Richard A. Martin, a partner in Orrick’s New York office, is a member of the Securities Litigation and Regulatory Enforcement Group. His practice focuses on accountants’ liability, securities and commercial litigation, as well as arbitration and international and domestic white-collar criminal law.
Mr. Martin has been involved in litigation in the state and federal courts of the United States and in Europe for 30 years. His practice has concentrated on international and domestic litigation and arbitration involving securities, accounting and financial services and corporate governance. He also regularly provides advice and assistance in international criminal and civil law matters.
From June 1987 to July 1990, Mr. Martin served as Special Representative of the Attorney General, located at the United States Embassy in Rome, Italy. There, he represented the Department of Justice in Europe and handled extradition and mutual assistance matters. In August 1990, Mr. Martin’s contributions were recognized when he was named “Commendatore al Merito della Repubblica Italiana,” the Italian Legion of Honor.
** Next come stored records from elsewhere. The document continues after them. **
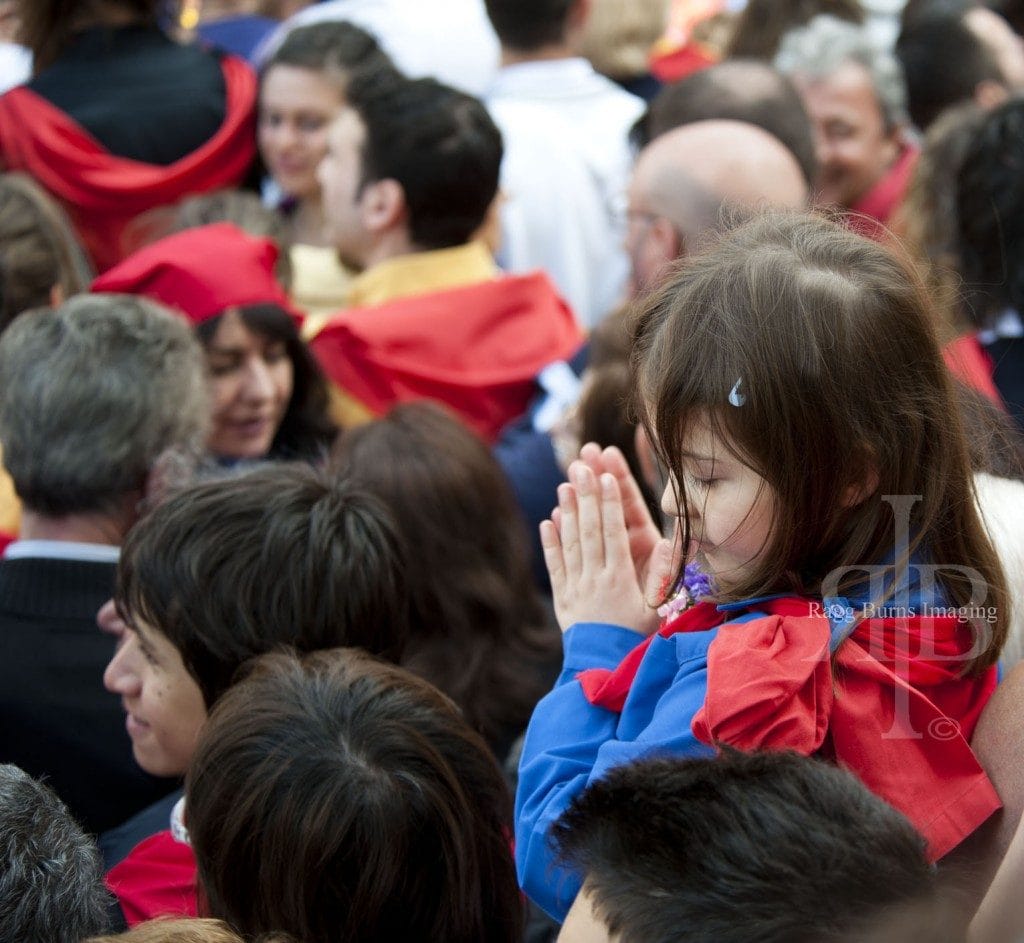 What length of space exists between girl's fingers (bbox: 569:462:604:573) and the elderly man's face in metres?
3.26

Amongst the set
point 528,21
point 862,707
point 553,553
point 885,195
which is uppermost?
point 862,707

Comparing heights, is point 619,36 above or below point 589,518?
below

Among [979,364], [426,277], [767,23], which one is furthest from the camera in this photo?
[767,23]

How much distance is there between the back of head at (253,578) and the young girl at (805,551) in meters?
0.50

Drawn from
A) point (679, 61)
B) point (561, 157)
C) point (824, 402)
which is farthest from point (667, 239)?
point (679, 61)

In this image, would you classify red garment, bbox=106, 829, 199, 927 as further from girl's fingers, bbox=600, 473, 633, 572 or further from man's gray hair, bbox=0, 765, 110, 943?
girl's fingers, bbox=600, 473, 633, 572

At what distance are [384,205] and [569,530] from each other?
7.25 feet

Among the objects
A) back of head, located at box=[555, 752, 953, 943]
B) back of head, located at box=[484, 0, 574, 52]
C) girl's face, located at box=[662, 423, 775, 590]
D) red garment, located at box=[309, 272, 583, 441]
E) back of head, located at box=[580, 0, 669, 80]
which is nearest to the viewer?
back of head, located at box=[555, 752, 953, 943]

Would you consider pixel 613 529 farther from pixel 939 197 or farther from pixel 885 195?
pixel 885 195

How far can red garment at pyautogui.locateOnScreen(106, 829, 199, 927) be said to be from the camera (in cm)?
202

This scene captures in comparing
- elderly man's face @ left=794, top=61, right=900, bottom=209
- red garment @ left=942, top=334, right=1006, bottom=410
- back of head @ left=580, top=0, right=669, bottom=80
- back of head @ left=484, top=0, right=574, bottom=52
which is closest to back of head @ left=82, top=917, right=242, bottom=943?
red garment @ left=942, top=334, right=1006, bottom=410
Prior to transferring to Rome, Mr. Martin served as an Assistant United States Attorney for the Southern District of New York, from January 1980 to June 1987. Mr. Martin received numerous commendations for his work in the United States Attorney’s Office, including the Distinguished Service Award from the Department of Justice.
Lazare Kaplan International, Inc. v. KBC Bank N.V. and Antwerp Diamond Bank N.V. (No. 11 Civ. 9490 (ALC) (S.D.N.Y. Sept. 5, 2012), 2012 WL 3854618 (S.D.N.Y.)). Co-lead counsel for KBC Bank in a RICO action seeking US$1.5 billion against the bank and its subsidiary, Antwerp Diamond Bank, based on the banks’ alleged complicity in the loss of US$135 million in diamonds and diamond proceeds. The district court granted KBC’s motion to dismiss the action in favor of proceedings in Belgium based on forum non conveniens, and also rejected plaintiff’s application for an anti-suit injunction. An appeal of the dismissal has been filed.
Sterling National Bank v. J.H. Cohn, LLP. (Index No. 650879/12 (MLS) (N.Y.Sup. Aug. 28, 2012.)). Successfully defended accounting firm J.H. Cohn in an action alleging fraud in connection with losses suffered by Sterling National Bank which made loans to J.H. Cohn’s audit client. Distinguishing a long line of cases supporting the view that intent to deceive could be inferred from an auditor’s alleged knowledge of the company’s financial misrepresentations, the court granted J.H. Cohn’s motion, finding that Sterling failed to adequately allege fraud.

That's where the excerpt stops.